Was mit den Inhaltsverzeichnissen als Verrätselung beginnt, setzt sich in Blumenbergs Büchern als Ganzes fort. Sie bieten weder zu Beginn einen Ausblick auf das in ihnen Gebotene, noch fasst ein Resümée dem Leser den Ertrag zusammen. Odo Marquard hat angesichts der weit ausgreifenden Relektüren der Geistesgeschichte, die oftmals auf Hunderten von Seiten von der Antike bis in die Gegenwart führen, wertschätzend von »als gelehrte Wälzer getarnten Problemkrimis«44 gesprochen. Doch diese versuchte Nobilitierung verrät einen untergründigen Apologiebedarf: Blumenbergs Bücher, vor allem die in Rede stehenden großen Studien zur Geschichte des Denkens, sind schwer zu lesen. Seinen Erfolg beim Lesepublikum und in den Feuilletons verdankt Blumenberg vor allem den späteren essayistischen Bänden, etwa in der Bibliothek Suhrkamp. Dem idealtypischen Meisterwerk seiner philosophischen Kunst der Interpretation, der annähernd achthundert Seiten starken Genesis der kopernikanischen Welt, wurde dagegen nur ein bescheidener Erfolg zuteil. Im Grunde war das Buch ein publizistischer Misserfolg. Man braucht einen langen Atem, um in diesen Wälzern nicht stecken zu bleiben, da sie die Aufmerksamkeitsspanne des Lesers zu überfordern drohen. Man muss es nicht als Studentenschelte verstehen, wenn ich darauf hingewiesen habe, dass sich Blumenbergs Bücher kaum für den heutigen akademischen Seminarbetrieb eignen.
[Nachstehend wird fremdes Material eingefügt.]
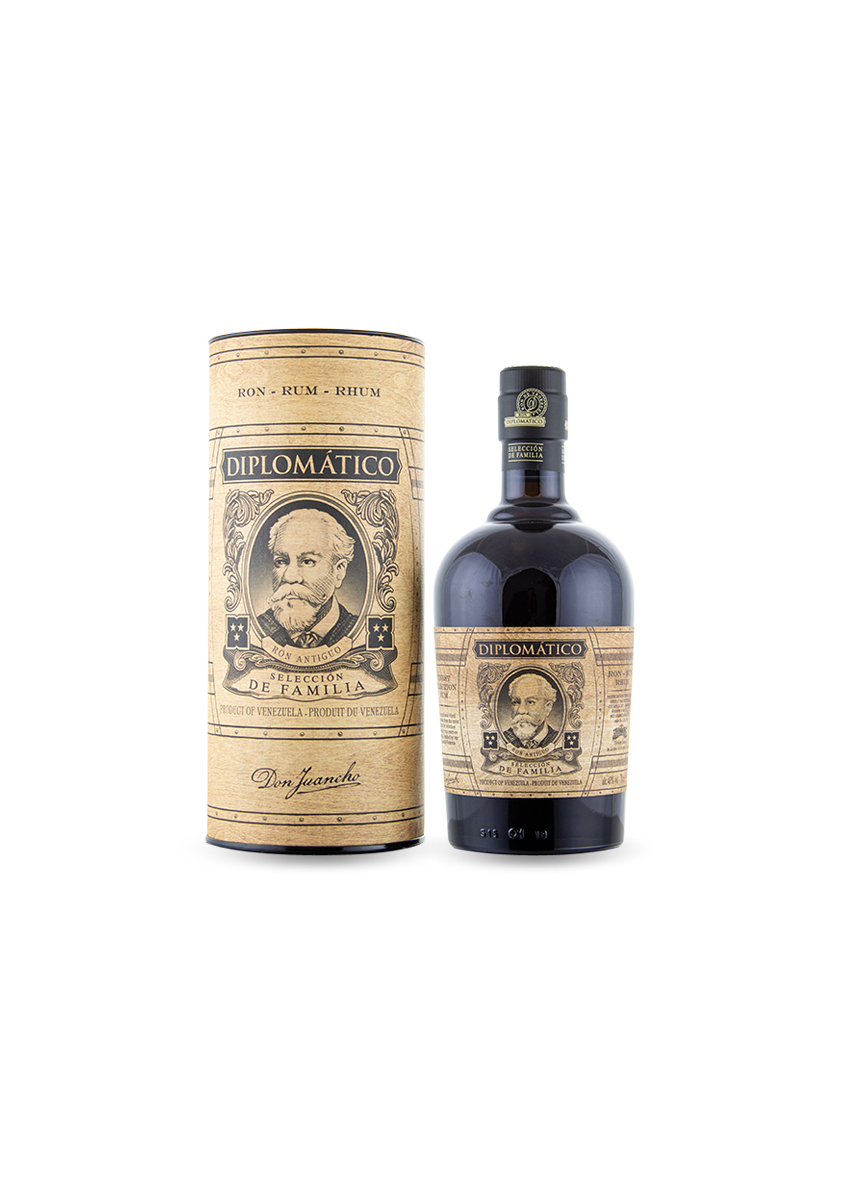 Diplomático Selección de Familia 43°, 70cl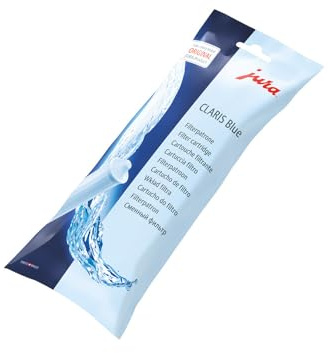 Jura 71311 Claris Blue-Filterpatrone, 1er-Pack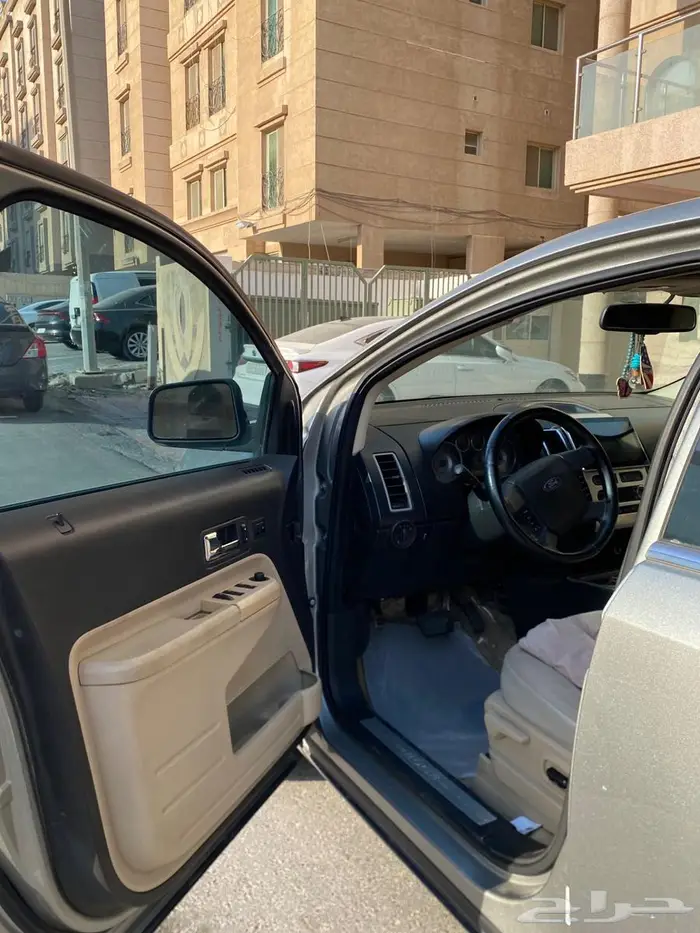 سياره فورد ايدج خاصه 2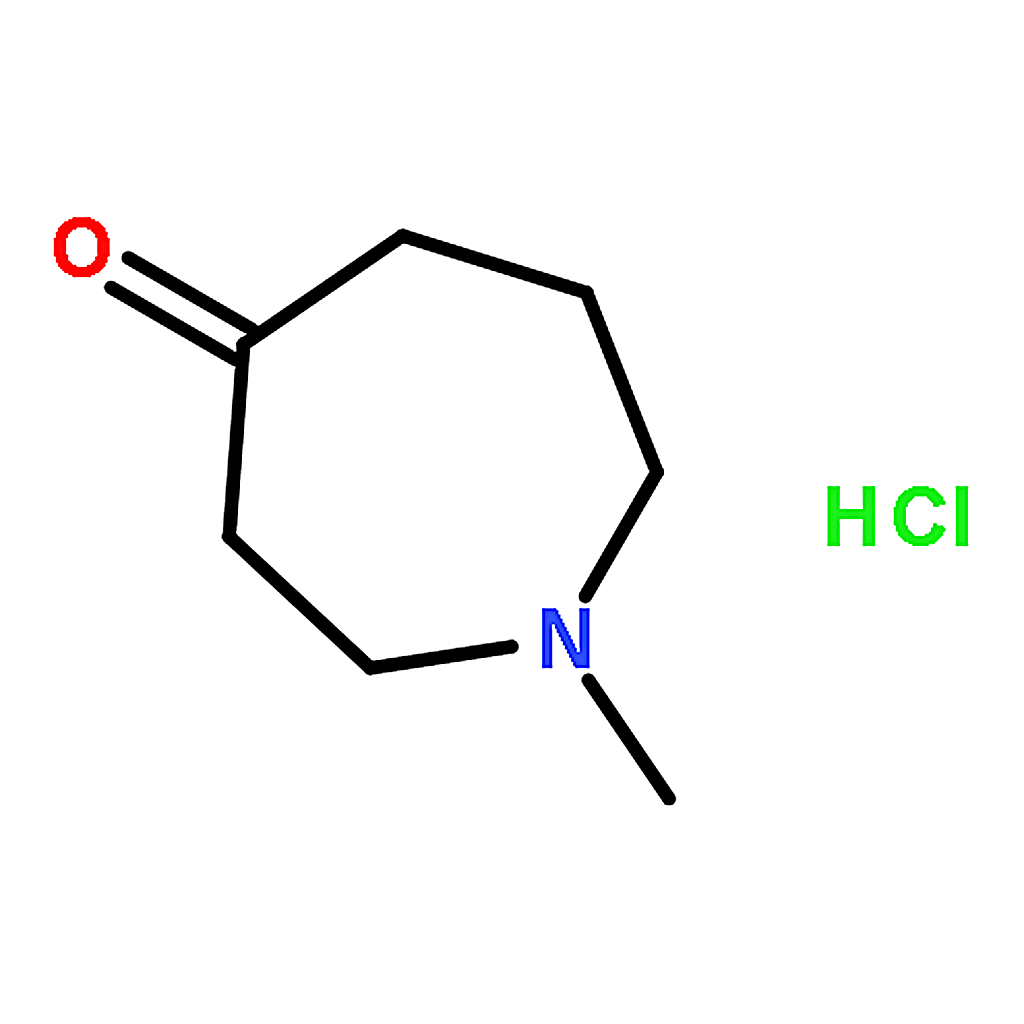 RHAWN Hexahydro-1-methyl-4H-azepin-4-one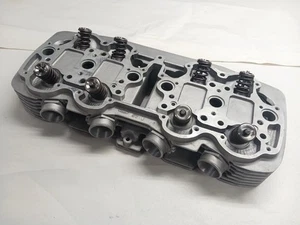 77-78 Honda cb750 sohc SuperSport ... Max ported head. 5mm valve kit. AHRMA. - Picture 1 of 13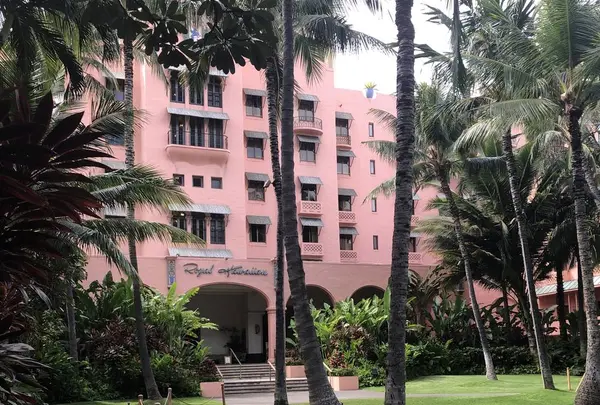  The Royal Hawaiian（ロイヤル ハワイアン ホテル）の写真・動画_image_624512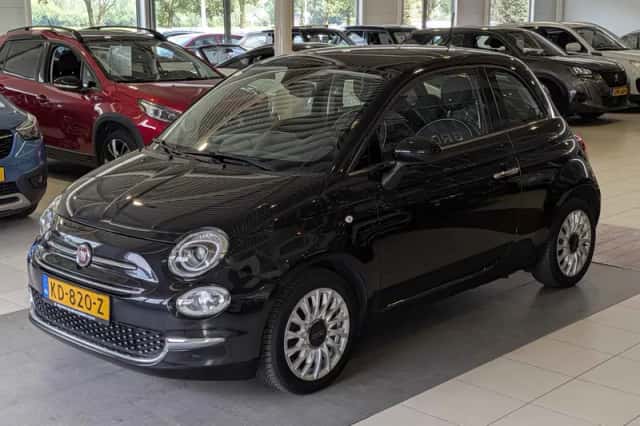 Fiat 500 (2016) thumbnail 2
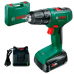Акумуляторний дриль-шуруповерт Bosch Easydrill 18V-40 (18 В, 2 А*год) (06039D8004)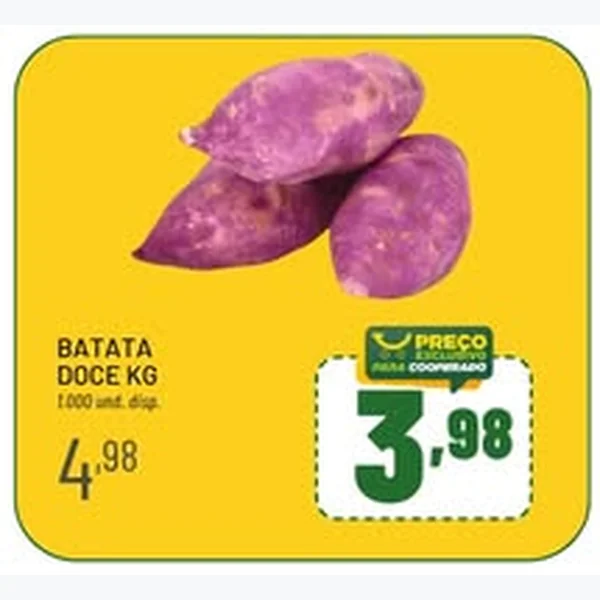Batata Doce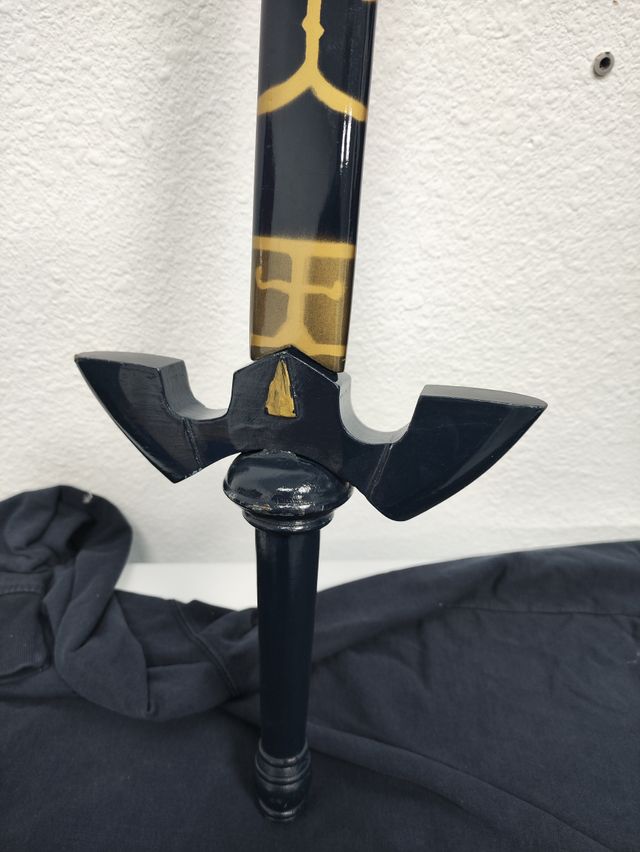 Espada Maestra The Legend of Zelda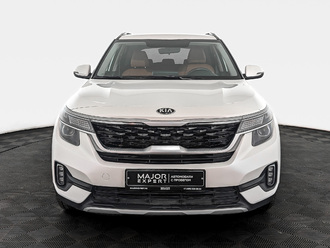 фото Kia Seltos I 2021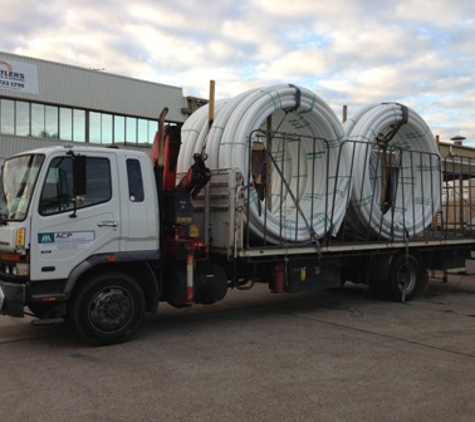 ACP Australian Custom Pipes Pty Ltd - Chipping Norton, NSW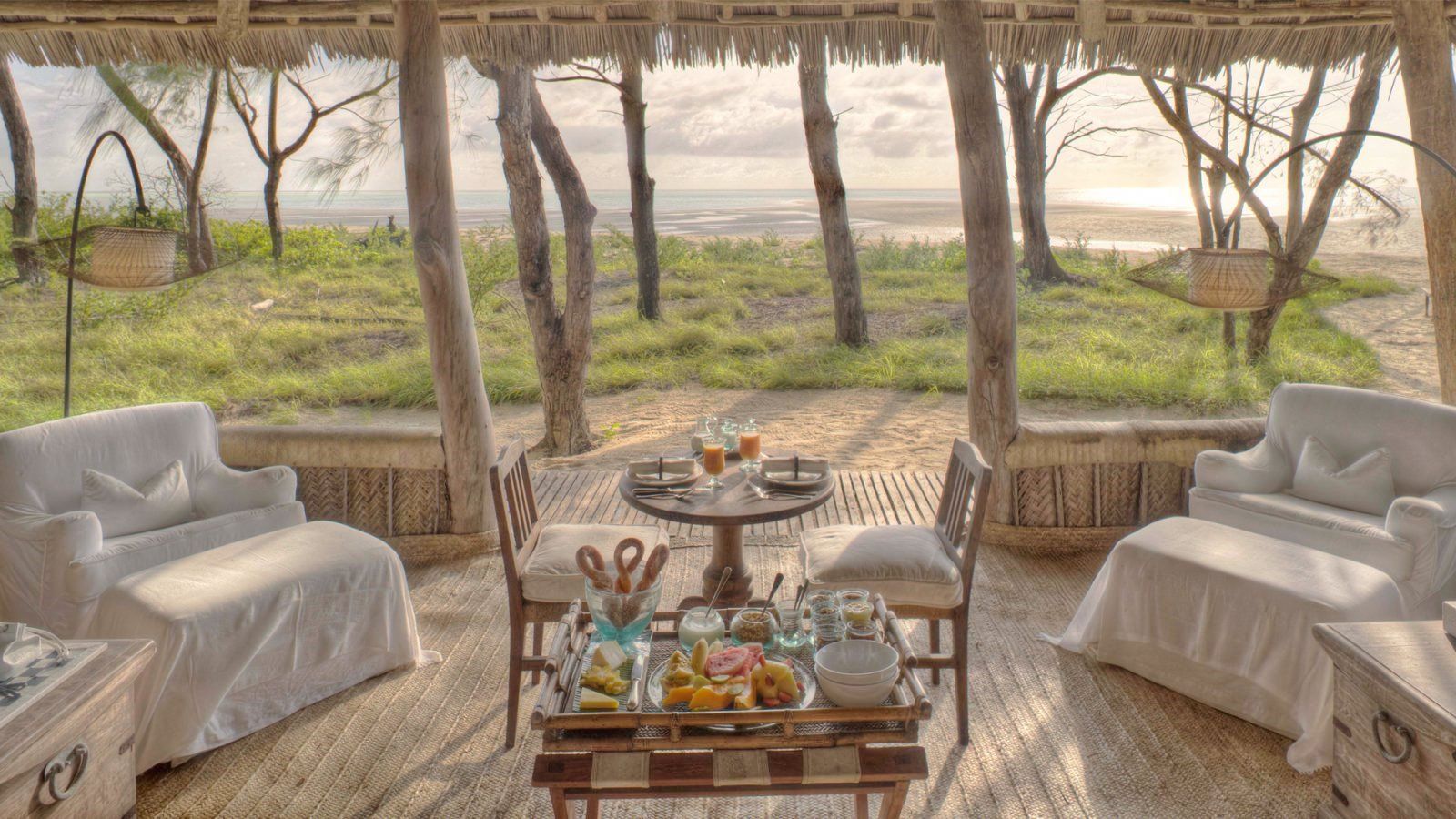 andBeyond Mnemba Island en Isla de Mnemba
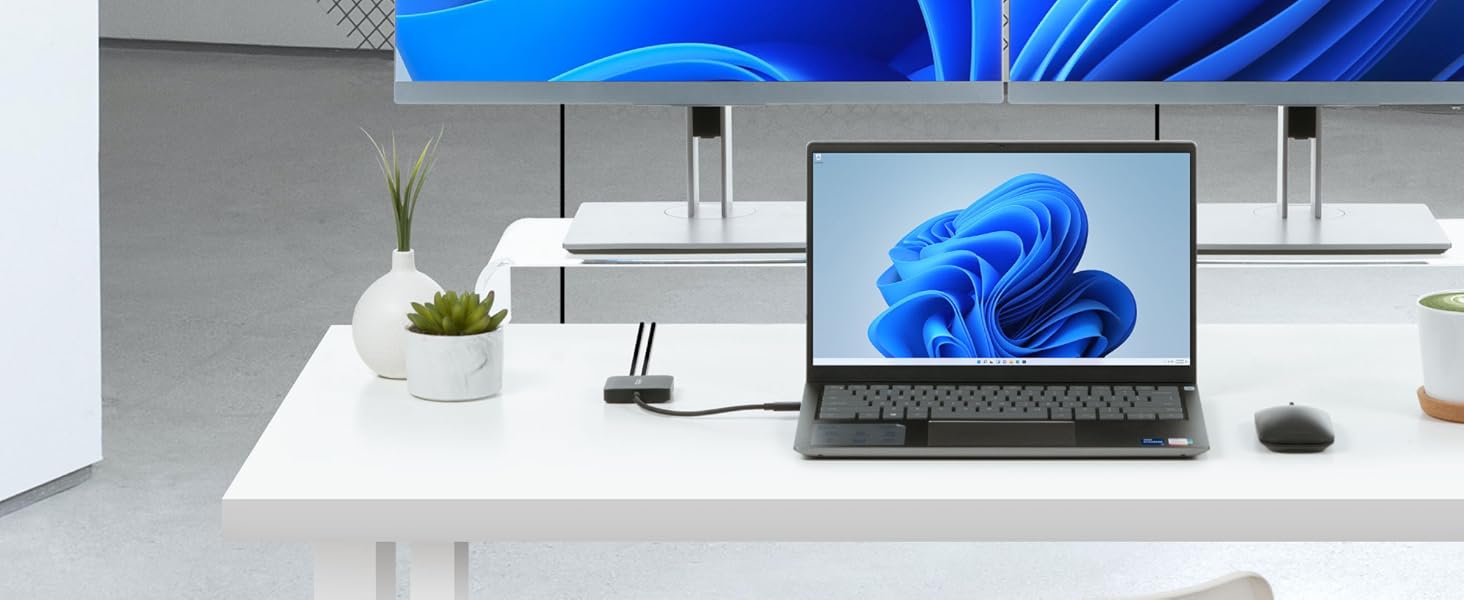 hdmi hub for multiple monitors, hdmi dual monitor adapter usb c to hdmi adapter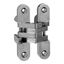Immagine di cerniere bross 831 116.5x25.8 nich. invisibili                                                                                           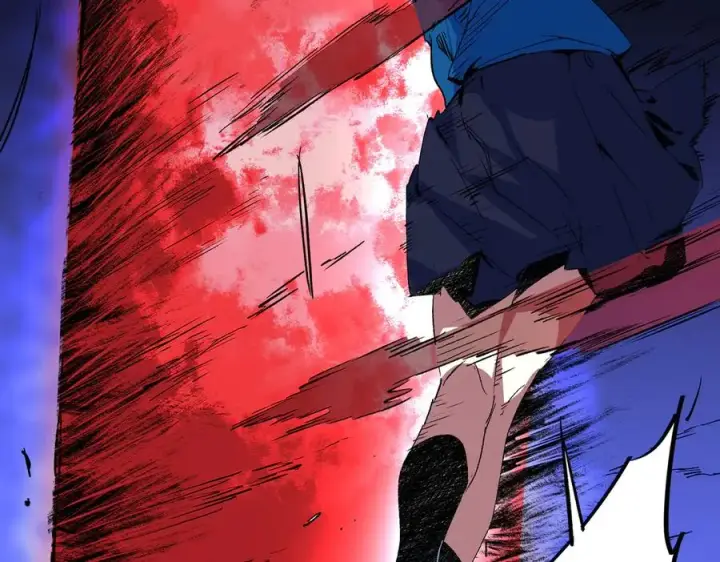 漫画《天生毒奶，我诅咒了全世界！》第4话 同类相噬，融合变异！第24张图
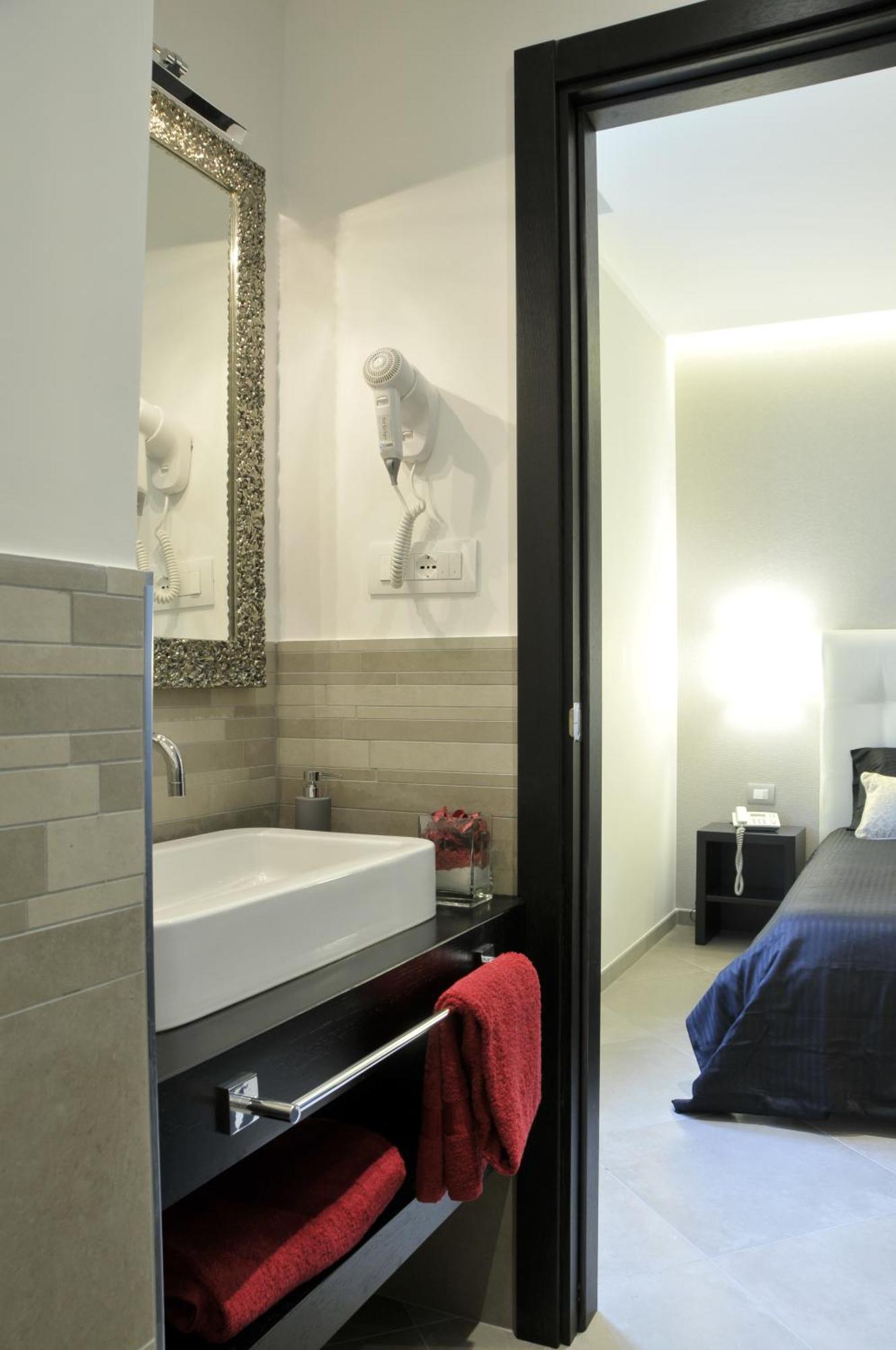 Quarto Duplo Deluxe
Sie sind in der gegenwärtigen philosophischen Lehre so gut wie nicht präsent. Karl Löwith hat davon gesprochen, man habe sich durch Blumenbergs »komplizierte Denk- und Schreibweise«45 regelrecht durchzuarbeiten. Und Dieter Henrich hat Blumenbergs Bücher als Werke bezeichnet, die »durch ein gewaltiges Arsenal von Kenntnissen zu schwer erschließbaren Massiven hochgesteigert«46 worden sind. Um in der Metapher zu bleiben: Bei der Lektüre droht dem Leser in der Steilwand des Denkens der Absturz.